I have the following string: (GMT+02:00) Istanbul
and I want to capture everything after the )
(note the whitespace included after the close parentheses)
The regexp I have created is almost working with exception it is including the undesired whitspace.
\s\D*
=> Istanbul
How can I fix that and is this regexp for doing this?
EDIT
The string can be others, something like (GMT+01:00) West Central Africa
In this case, I want West Central Africa
So, some answers will not work.
Sorry, I have forgot to mention that.
Thanks.
Solution
In Ruby:
irb> line = '(GMT+01:00) West Central Africa'
irb> line.sub(/^.*\)\s/, '')
=> "West Central Africa"
In JavaScript:
js> var line = '(GMT+01:00) West Central Africa'
js> line.replace(/^.*\)\s/, '')
West Central Africa
OTHER TIPS
Positive Look-behind Assertion is one option.
(?<=\s)[\D]+
(tested with python regex lib)
To extract the first word after a GMT offset definition like the one in your example...
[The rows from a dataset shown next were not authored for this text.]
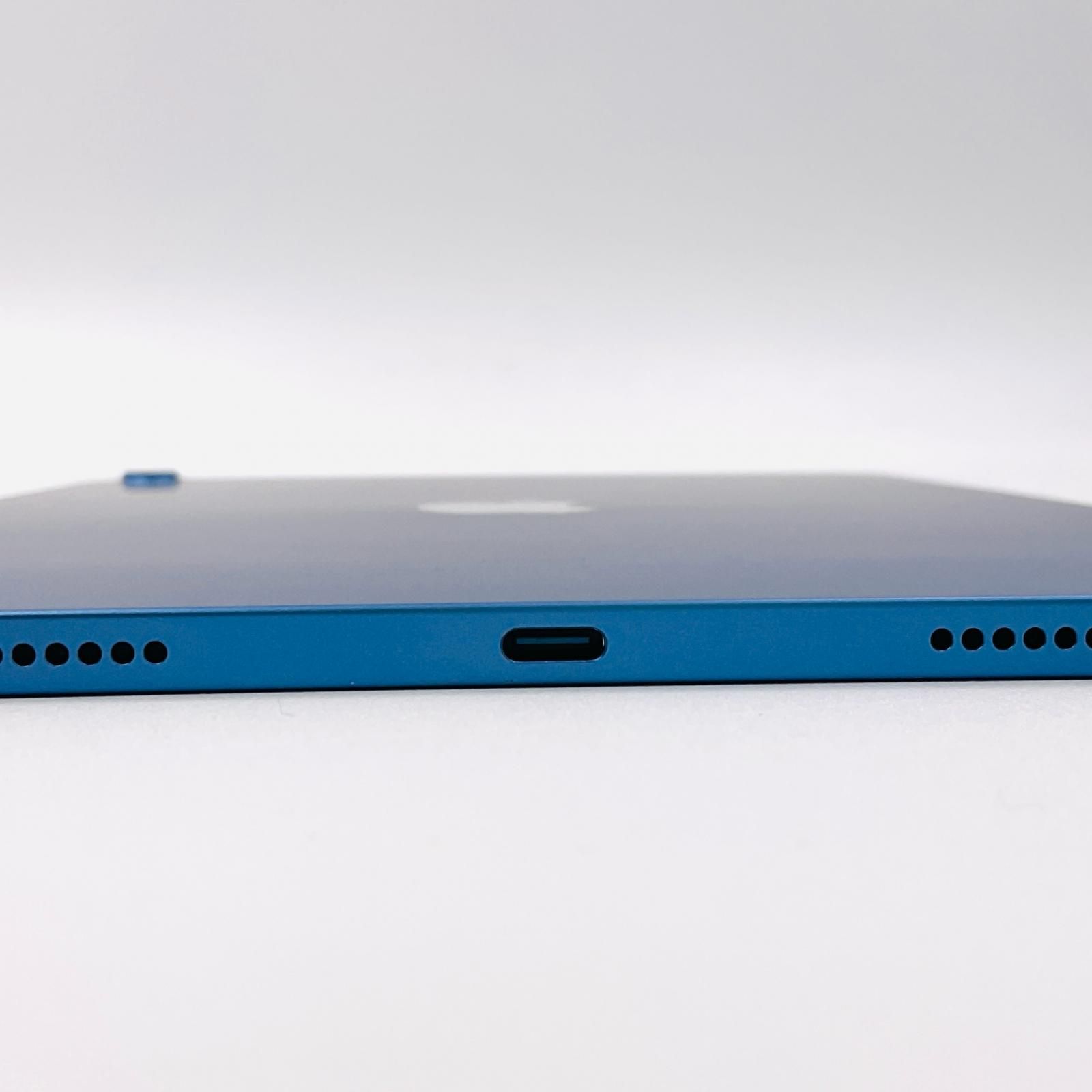 全額返金】iPad 第10世代 64GB ブルー Wi-Fi 新品同様 - メルカリ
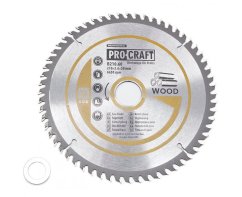 Procraft kotouč pilový 210x30x2,6mm 40Z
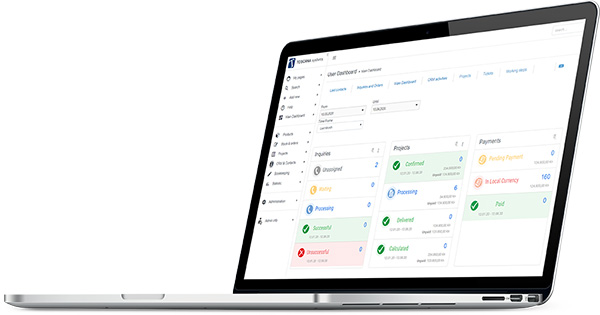 Enterprise solutions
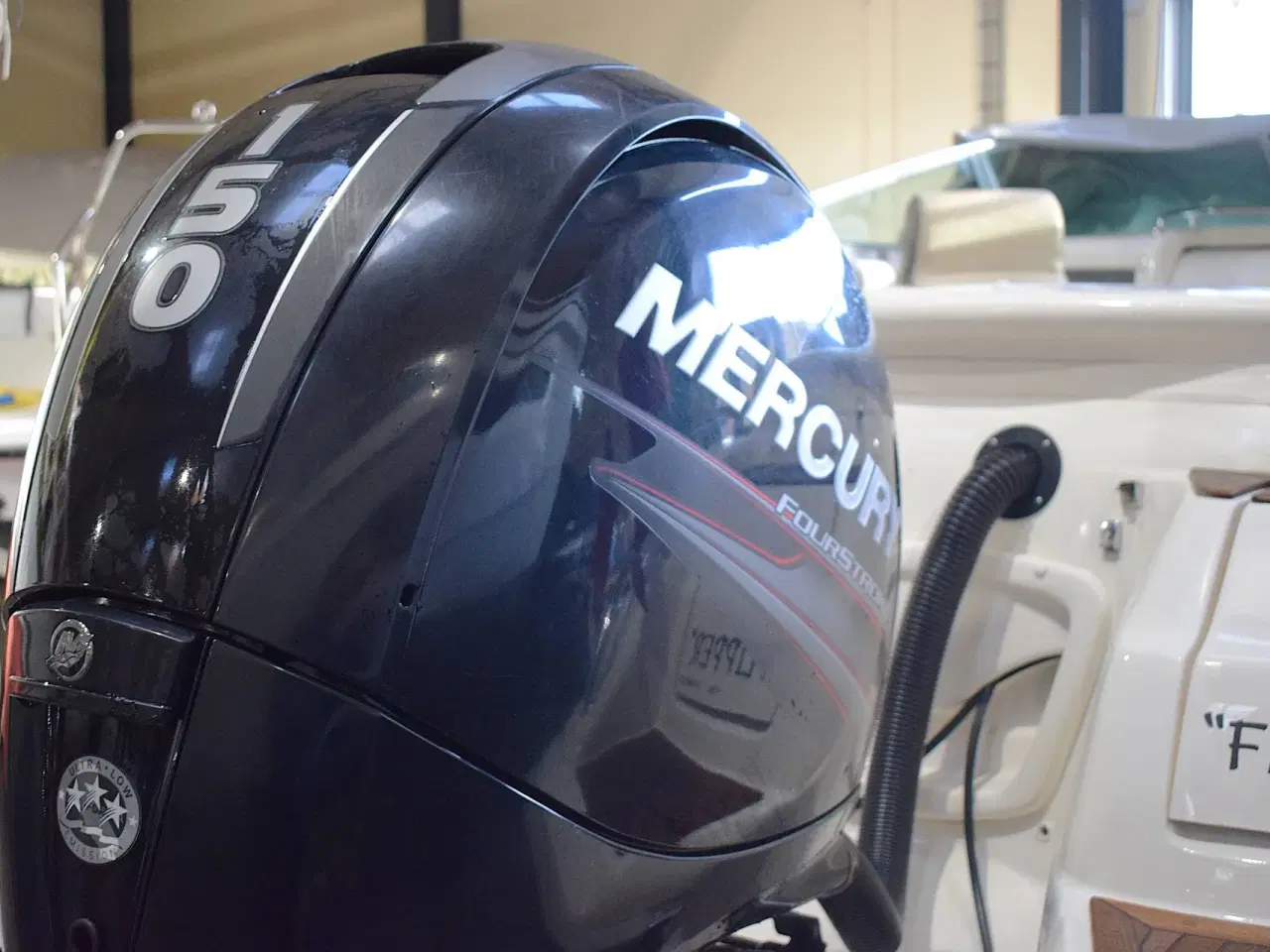 Billede 22 - Flipper 630 DC m/ Mercury F150
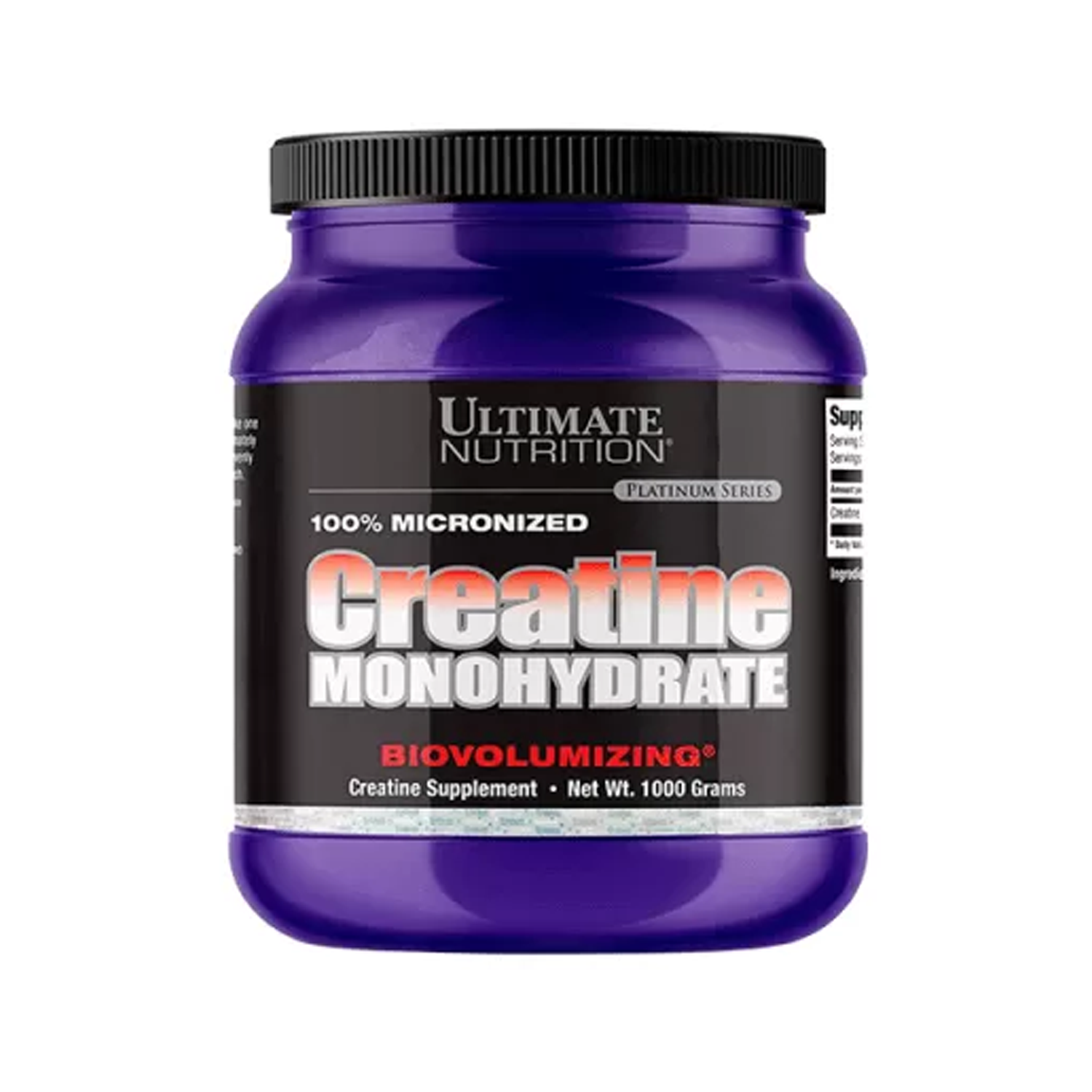Creatina Ultimate Nutrition Monohidratada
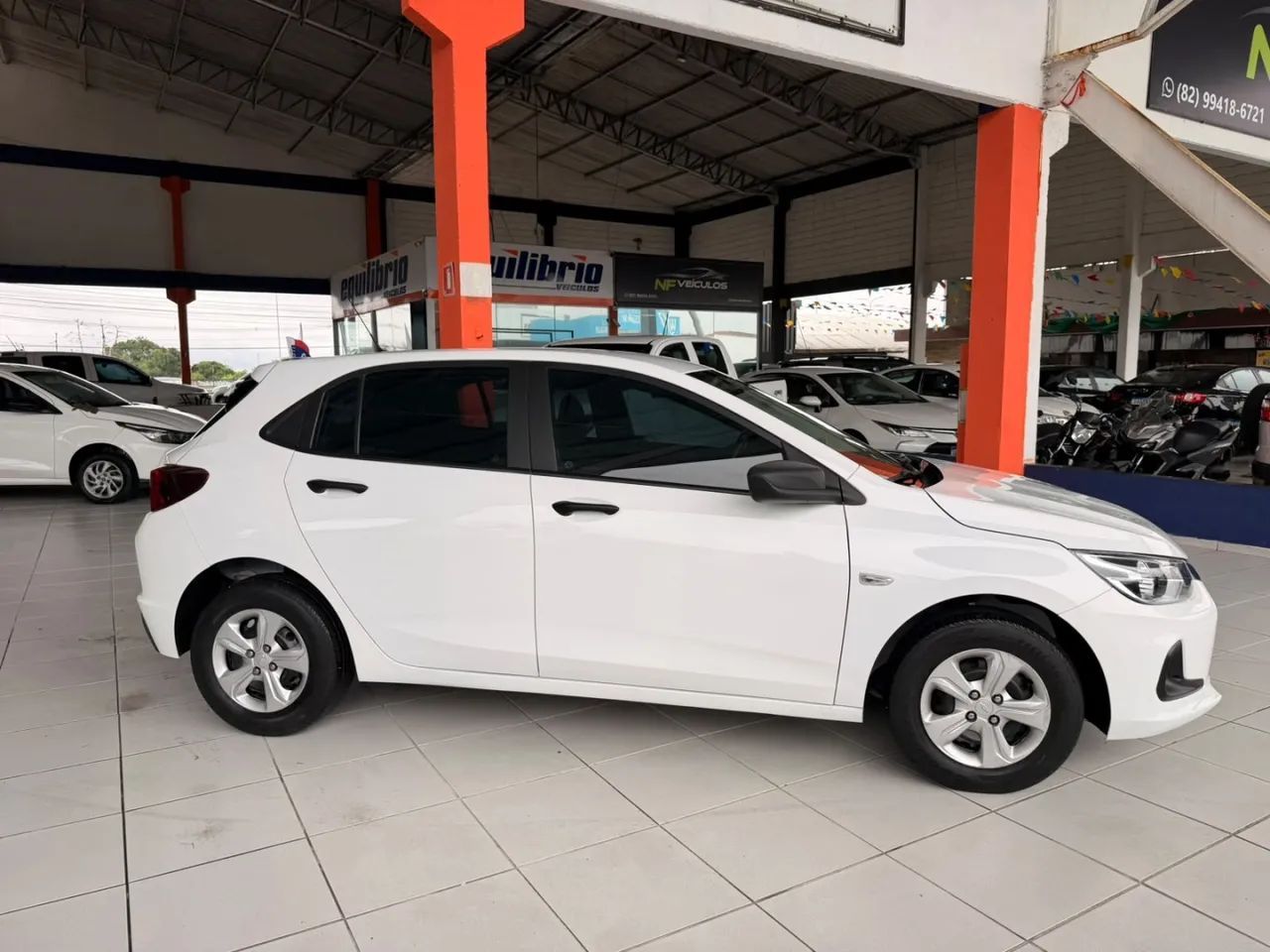 Chevrolet ONIX 2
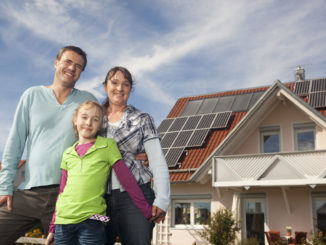 fotovoltaico casa efficienza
(?<=\([\D]{3}[\+\-][\d]{2}:[\d]{2}\)\s)[\D]+
You can stick optional whitespace characters \s* in between every other character in your regex. Although granted, it will get a bit lengthy.
Do the following:
\S+$
It matches everything that is not a space at the end of the line.
If you want to match only alphabetical character, you can use the following:
\w+$
You can test them here.
When you say capture, if you wish to get a named capture, and ignore the rest, you can do the follwing:
(?:.+\s)(?<Country>.+)
very simple expression:
[^)]*\)\s*(\w+)
explain:
[^)]* any character except: ')'
(0 or more times, matching the most amount possible)
\) ')'
\s* whitespace (\n, \r, \t, \f, and " ")
(0 or more times, matching the most amount possible)
\w+ word characters (a-z, A-Z, 0-9, _)
(1 or more times, matching the most amount possible)